Dans un geste qui pourrait sembler bureaucratique à première vue, la signature d’un protocole d’accord entre l’Autorité de régulation du secteur de l’électricité (ARE RDC) et l’École nationale d’administration (ENA) ce vendredi 20 mars à Kinshasa, dévoile en réalité une stratégie à haut risque. L’objectif affiché ? Renforcer les capacités des cadres de l’ARE pour mieux réguler un marché électrique en pleine mutation. Mais derrière les discours sur l’excellence et la bonne gouvernance se cache un constat amer : le secteur est à la peine, et l’État joue son crédit sur la capacité de ses institutions à se réformer de l’intérieur.
Aziz Soraya, directrice générale de l’ARE, et Tombola Muke, son homologue de l’ENA, ont paraphé ce partenariat d’une durée de cinq ans, renouvelable tacitement. Une alliance présentée comme « durable et axée sur l’excellence ». Pourtant, le sous-texte est moins angélique. Madame Soraya l’a laissé filtrer en évoquant un « gap très important » et la nécessité de « changer d’échelle ». Le diagnostic est sans appel : un déficit énergétique de plus de 3 gigawatts, un niveau qui paralyse toute perspective de croissance industrielle sérieuse. Dans ce contexte, le protocole accord ARE ENA apparaît moins comme un luxe que comme une ultime tentative de rationalisation face à l’urgence.
« Nous ne pouvons pas changer d’échelle en mettant en place 10 mégawatts ici, 5 mégawatts par là », a asséné Aziz Soraya, pointant du doigt l’approche fragmentée qui a prévalu jusqu’ici. Son propos révèle une volonté de basculer vers une « intelligence rapide », un vocable managérial qui sonne comme un aveu de lenteur passée. L’enjeu est clair : restaurer la confiance des bailleurs de fonds et des investisseurs étrangers en démontrant que l’institution chargée de la régulation secteur électrique est enfin compétente et fiable. La directrice de l’ARE mise donc tout sur la formation pour faire passer son institution « à la vitesse supérieure ». Un pari osé, tant les habitudes sont ancrées.
De son côté, Tombola Muke a rappelé le « rôle régalien » de l’ENA, celui de réformer les institutions publiques. « C’est cette expertise que nous mettrons à la disposition de l’ARE, qui a une grande mission pour le développement du pays », a-t-il déclaré, en situant l’accès à l’électricité parmi « les missions régaliennes les plus importantes de l’État ». Une déclaration qui place la barre très haut et engage la responsabilité politique de l’ensemble de l’appareil d’État. L’ENA devient ainsi l’architecte caché de la modernisation d’un secteur vital. Cette ENA formation cadres est-elle la clé qui débloquera enfin le potentiel énergétique congolais ? Rien n’est moins sûr, mais l’école nationale capitalise sur son récent succès avec la formation de 580 agents de l’Inspection générale des finances pour assoir sa légitimité de réformateur.

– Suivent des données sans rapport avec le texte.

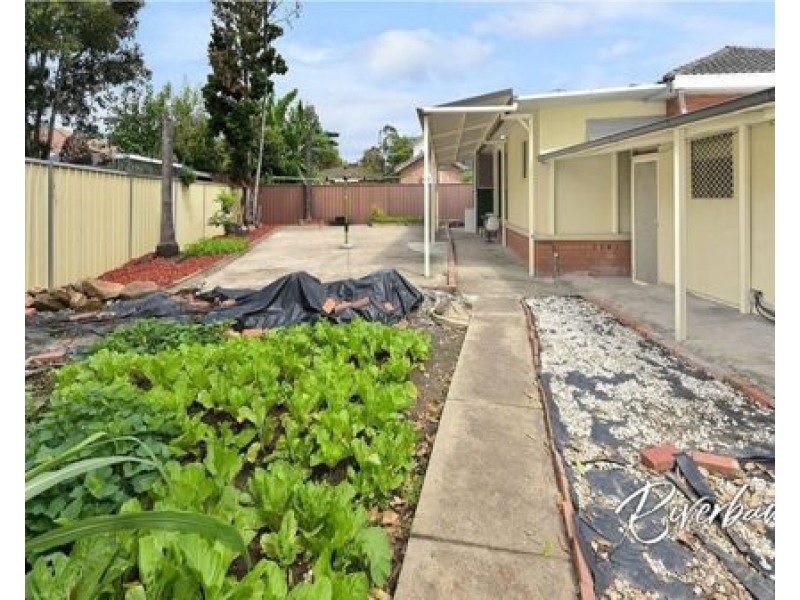 16 Barbara Crescent, Merrylands NSW 2160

L’initiative s’inscrit dans une dynamique plus large de réforme de l’administration publique. Pourtant, on peut légitimement s’interroger : un simple accord de formation peut-il à lui seul inverser la tendance dans un secteur miné par des décennies de sous-investissement et de gestion approximative ? Le renforcement capacités agents ARE est une condition nécessaire, mais est-elle suffisante pour attirer les capitaux massifs nécessaires à la construction de centrales et de réseaux de distribution ? La réponse se nichera dans l’application concrète du protocole.

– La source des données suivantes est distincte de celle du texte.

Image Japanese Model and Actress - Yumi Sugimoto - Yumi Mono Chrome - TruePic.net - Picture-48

Le véritable test sera la traduction de ces formations en décisions régulatrices claires, transparentes et incitatives pour les investisseurs. L’ARE parviendra-t-elle, une fois ses cadres formés, à imposer des règles du jeu équitables et à faire respecter ses décisions dans un environnement souvent opaque ? C’est tout l’enjeu de ce partenariat. L’État congolais, par ce biais, tente de reprendre la main sur la gouvernance d’un secteur clé. Un échec ici ne serait pas qu’un simple raté administratif ; il signerait l’incapacité durable de l’État à fournir un service de base, sapant un peu plus sa crédibilité et hypothéquant l’avenir économique du pays.

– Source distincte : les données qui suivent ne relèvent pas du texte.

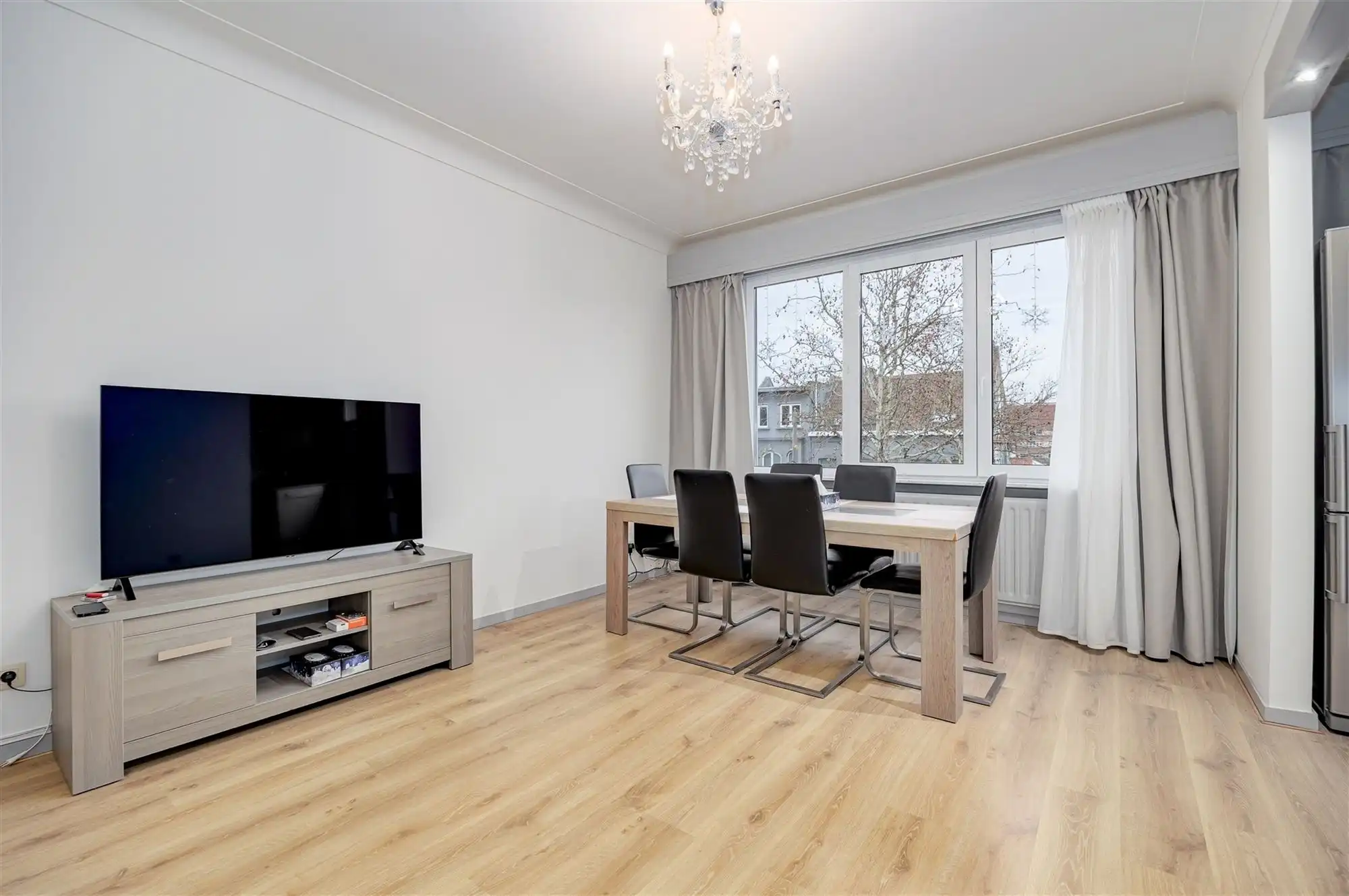 Lichtrijk 2-slaapkamerappartement met vergund dakterras in Mortsel foto 3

En définitive, ce protocole ARE-ENA est bien plus qu’un simple memorandum. C’est un révélateur des tensions et des espoirs qui traversent la RDC. Il cristallise la prise de conscience que le développement ne pourra se faire sans une administration compétente, et que la régulation est le préalable à tout investissement sérieux dans l’énergie. Les prochains mois, à l’aune des premières actions concrètes découlant de cette collaboration, diront si cette alliance stratégique était un coup de bluff ou le premier acte d’une véritable métamorphose du secteur électrique congolais.